Observers of the race tracker could almost be forgiven for thinking the relentless nature of this single-handed race is far more effective at identifying the overall winners than any rating system. Today, the lead on the water has been held consistently by a Class 2 boat, Louis-Marie Dussere’s French JPK10.10 Raging Bee.
However in terms of distance to the finish, at 1500 this afternoon Ian Hoddle’s Sunfast 3600 Game On! was only two miles behind and a further six teams are within 10 miles of Hoddle. These front-runners are now almost half way across the Celtic Sea on their way out to the Fastnet Rock, where the fleet will compress together again.

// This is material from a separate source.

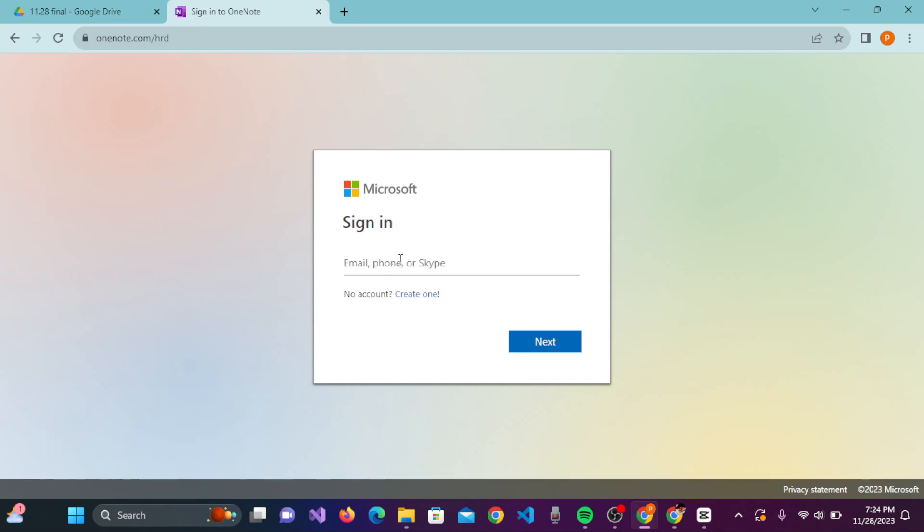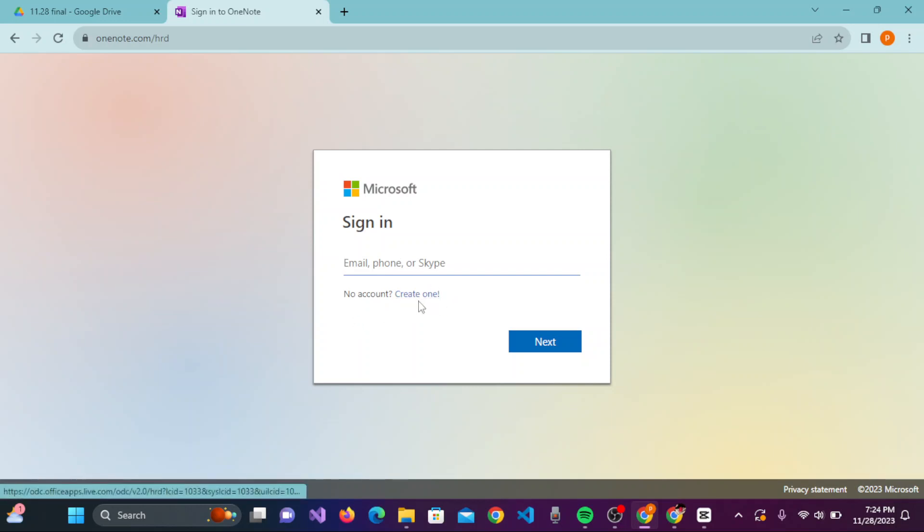You will be on the sign-in page where you need to enter your email, phone, or Skype. If you don't have an account, click on 'Create one' and create an account on OneNote.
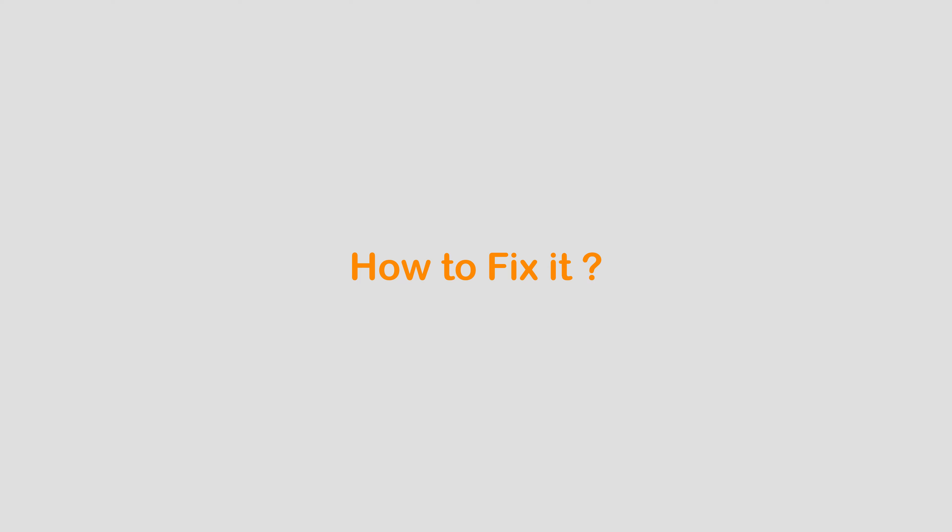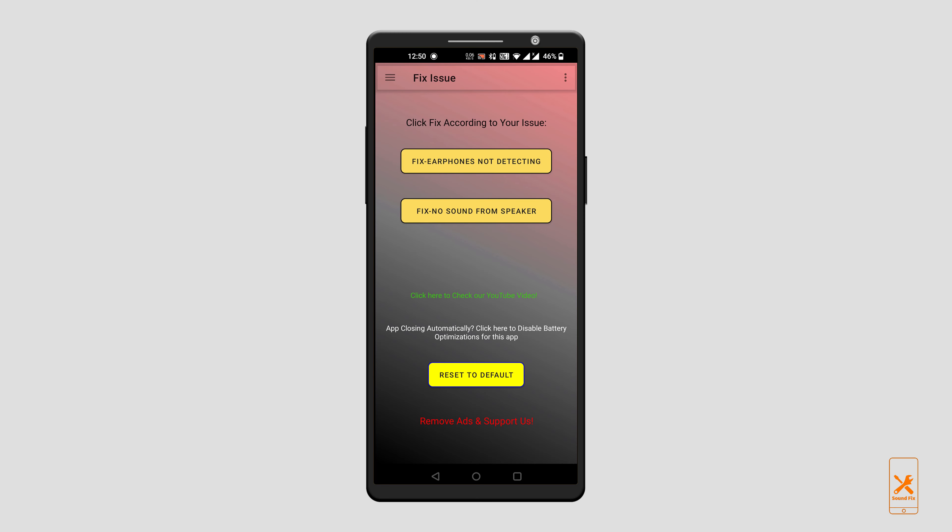How to fix it? All you have to do is download this simple app named Earphone and Speaker Sound Fix. You can find its link in the description.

After the brutal first 24 hours, in which many boats reported winds of more than 35 knots, last night saw a complete contrast, with the fleet becalmed for hours. The front runners had favourable tide that whisked them clear of Lizard Point, but the slower boats in class 3 were not so fortunate.
Charles Emmett (Sigma 36, British Beagle) reported: “Yesterday proved to be a very bad day for me, after a really good first night. Becalmed in the afternoon, losing substantial ground to the fleet leaders and I just missed the tidal gate at the Lizard. With winds dying to nothing, I went backwards for four hours, only finally getting enough wind to move again at 0500 this morning.”
Not long afterwards, Jeremy Waitt (JPK10.10, Jangada) and Deb Fish (Sunfast 3200, Exocet) crossed only a couple of lengths apart off the Scilly Islands. “Just rounded the Lands End TSS, busy cooking a bacon sandwich, whilst hoisting the code 0 and having to duck Jangada. This is proving to be a very long match race,” Fish reported.
After a punishing 48 hours, there are now 23 boats left in the race, with most retirements caused by pilot or battery/charging problems. Neil Payter on the Yamaha 33 Solent One reports that he knocked a tooth out in the big waves of the first day and is on a liquid [soup!] diet. He is currently still around 20 miles to the east of the Lizard peninsula, but is determined to finish no matter what.
The wind is forecast to build this evening to around 20 knots. As it does so it will back into the north-west, turning the rest of the leg to across the Celtic Sea into a full beat. It will back further to the north-northwest tomorrow morning, reducing to 10-12 knots.